#### Exercise brief:
Working from the records below, repeat exactly the lines starting at the line that contains "DIGITUS Fibre optique" and ending at the line that contains "14K White Gold", inclusive.

#### Data to examine:
·····
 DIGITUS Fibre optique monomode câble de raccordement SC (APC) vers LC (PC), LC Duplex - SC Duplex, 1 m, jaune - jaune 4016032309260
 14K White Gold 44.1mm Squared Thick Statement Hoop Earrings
·····
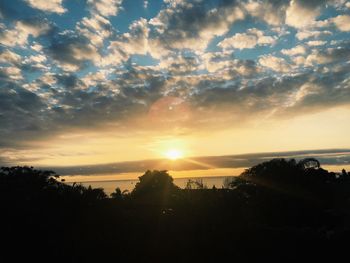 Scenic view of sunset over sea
·····
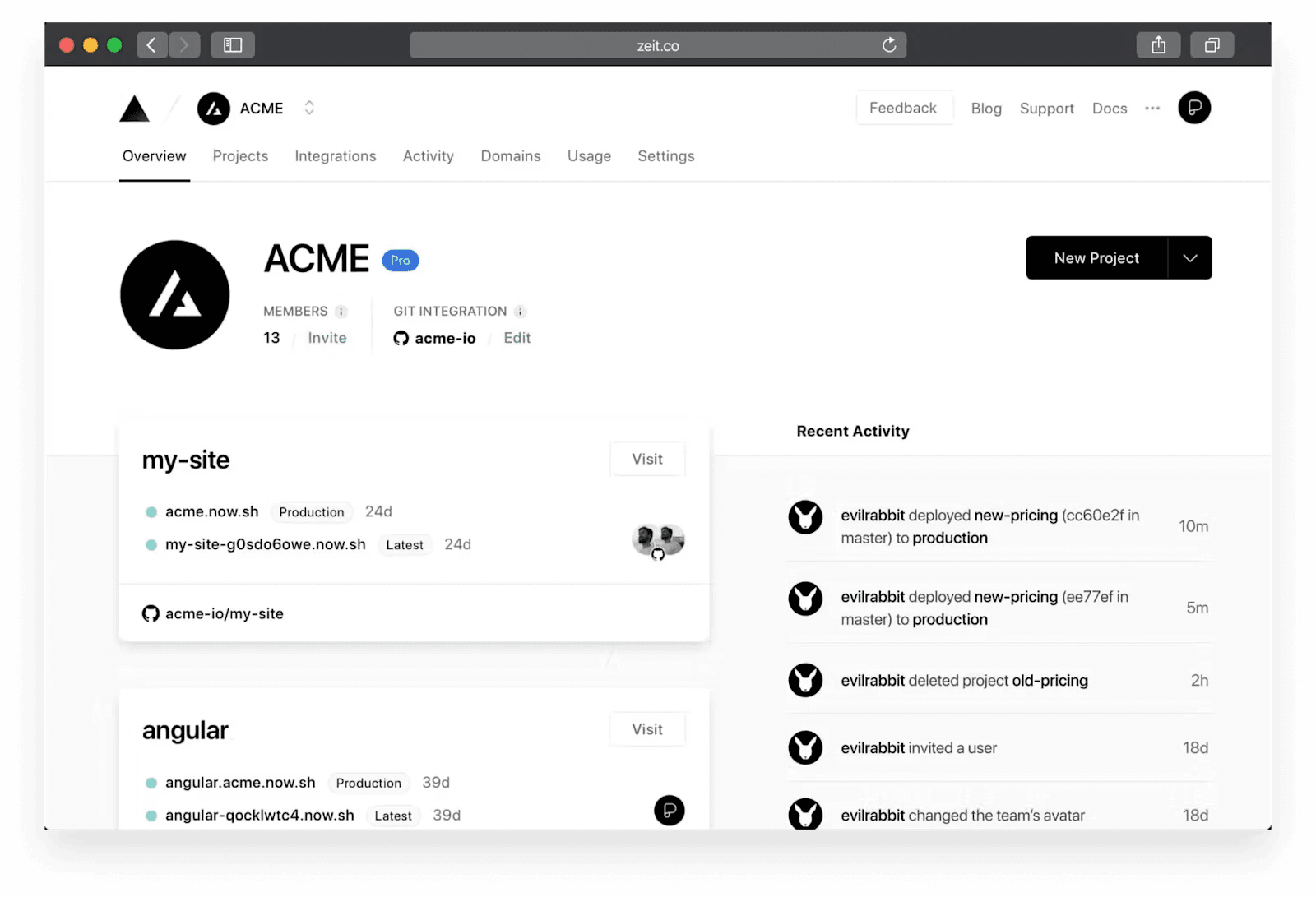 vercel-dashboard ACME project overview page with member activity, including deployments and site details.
·····
#### Output below:
 DIGITUS Fibre optique monomode câble de raccordement SC (APC) vers LC (PC), LC Duplex - SC Duplex, 1 m, jaune - jaune 4016032309260
 14K White Gold 44.1mm Squared Thick Statement Hoop Earrings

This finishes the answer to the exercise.